EBay | Musical Gear

Musical Instruments on eBay

If you’re an astute shopper, you probably have no problem turning to eBay when there are no other options on the table. Heck, you probably don’t mind turning to eBay first so you can find bargains on used and new items before you ever try to find an item available on retail.

But is there any merchandise that you will always want to buy new – like musical instruments?

The prospect of buying a used musical instrument isn’t always an attractive one – particularly if you play an instrument that requires contact with your lips. But if you put in some time to research buying a used musical instrument of your specific variety, you should arrive at one particular conclusion: to buy used or not to buy used.

If you do decide that you can buy a used instrument on eBay, here are some tips to guide you along the way.

1. Check seller feedback religiously. The first major indicator of whether or not you’ll have a successful interaction on eBay is simple: seller feedback. When someone is selling a product, they are forced to display their seller feedback – which is like checking a particular seller’s recommendation. You’ll see references, recommendations, and negative views in many cases: one good rule of thumb is to stick to someone who has a very high feedback rating, somewhere in the upper 90%.

The reason to check for this is because each seller can only earn good feedback with a relatively solid interaction with a buyer.

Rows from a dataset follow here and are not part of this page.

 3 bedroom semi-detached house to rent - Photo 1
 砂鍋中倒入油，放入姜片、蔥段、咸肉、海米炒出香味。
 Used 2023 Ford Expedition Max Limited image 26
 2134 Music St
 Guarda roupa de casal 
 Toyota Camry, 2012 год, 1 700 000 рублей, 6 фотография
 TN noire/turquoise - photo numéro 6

Remember one more thing: it’s important to check the amount of feedback this seller has received, as well. It’s not exactly impressive to have 100% positive feedback when there’s only one review. But if a seller has 1,000 reviews with a 98% positive feedback rating, then you know you’re working with someone with a solid reputation.

2. Place items on your watch list before you buy them. Buying on eBay can mean great prices, but it’s easy to post a “bid” for your desired object up front and forget about the rest. But if you set the item to your “watch” list instead, you might not inspire anyone else to compete with you – you may actually find that there are only a few bids by the time the product is nearing its sale deadline. This is a great time to place a bid because you give your fellow bidders less time to beat your price. Many times, you can win an auction by being the only one to bid.

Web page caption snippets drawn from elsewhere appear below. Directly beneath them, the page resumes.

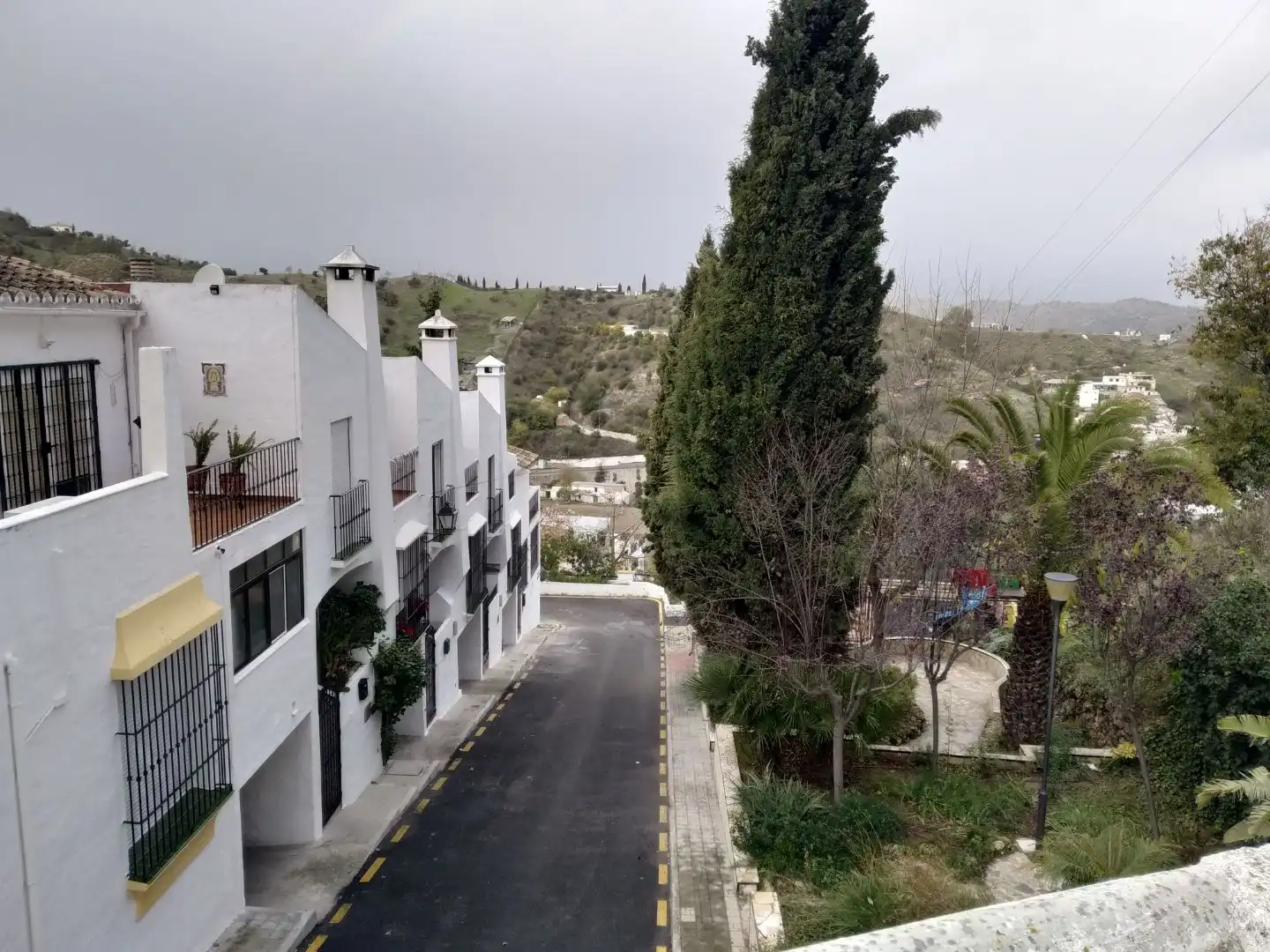 Casa adosada en venta en Coín Vista exterior de Casa adosada en venta en Coín con Aire acondicionado, Terraza y Amueblado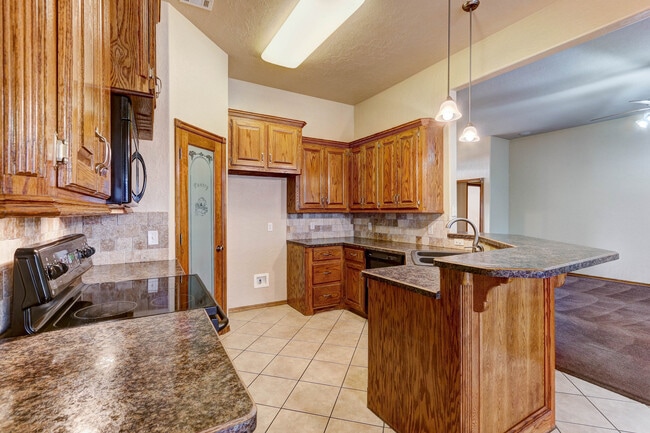 Building Photo - 500 Loyd Ln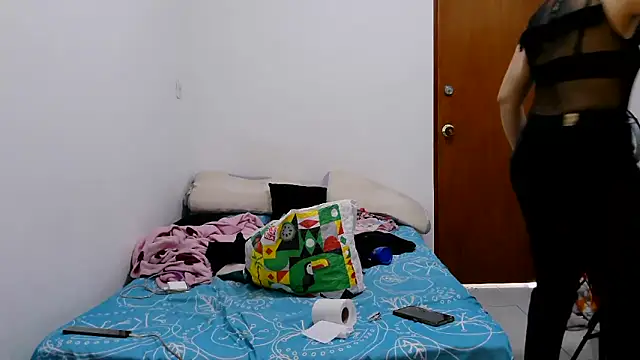 luxandracon23's cam snapshot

3. Consider the instrument you’re buying. There are a lot of questions to ask (see tip #4), but most of them center around the type of instrument you’re buying. If you’re buying an electronic keyboard, for example, you’ll probably ask very different questions than if you’re only buying a bass kick.

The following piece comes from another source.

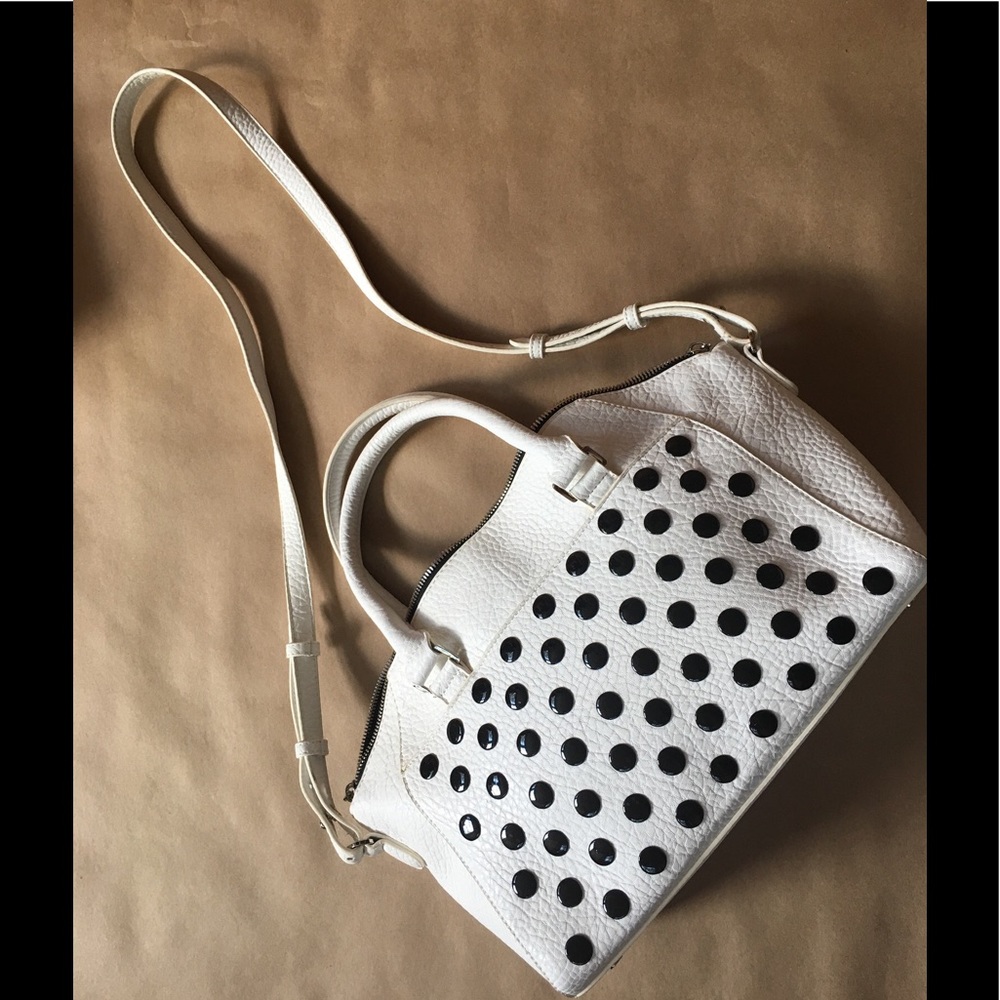 Kensie White Arm Candy Bag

4. Ask the seller a lot of questions. Before you ask questions, be sure to read the description of the instrument – you don’t want to ask the seller something that they’ve already worked to answer. But if you still can’t find an answer to your question, then it’s a good idea to go ahead and ask the seller your question directly. Don’t be afraid to ask about the condition of the product, either. It’s your money that’s on the line here.

5. Bid low. Remember: you came to eBay to get a low price on your musical instrument. You might think that this one product is once-in-a-lifetime, but you never know when a similar deal might show up. So don’t be willing to go past a certain (low) price for what you’re buying.

If you want more tips on buying instruments on eBay, check out this eBay Forum Post that covers the topic in greater detail.

Buying Vintage Guitars

Vintage acoustic guitars are a sought after commodity amongst musical enthusiasts.

As time passes, the wood which makes up the main bulk of the guitar matures and causes the guitar itself to produce more ‘mature’ and resonant tones.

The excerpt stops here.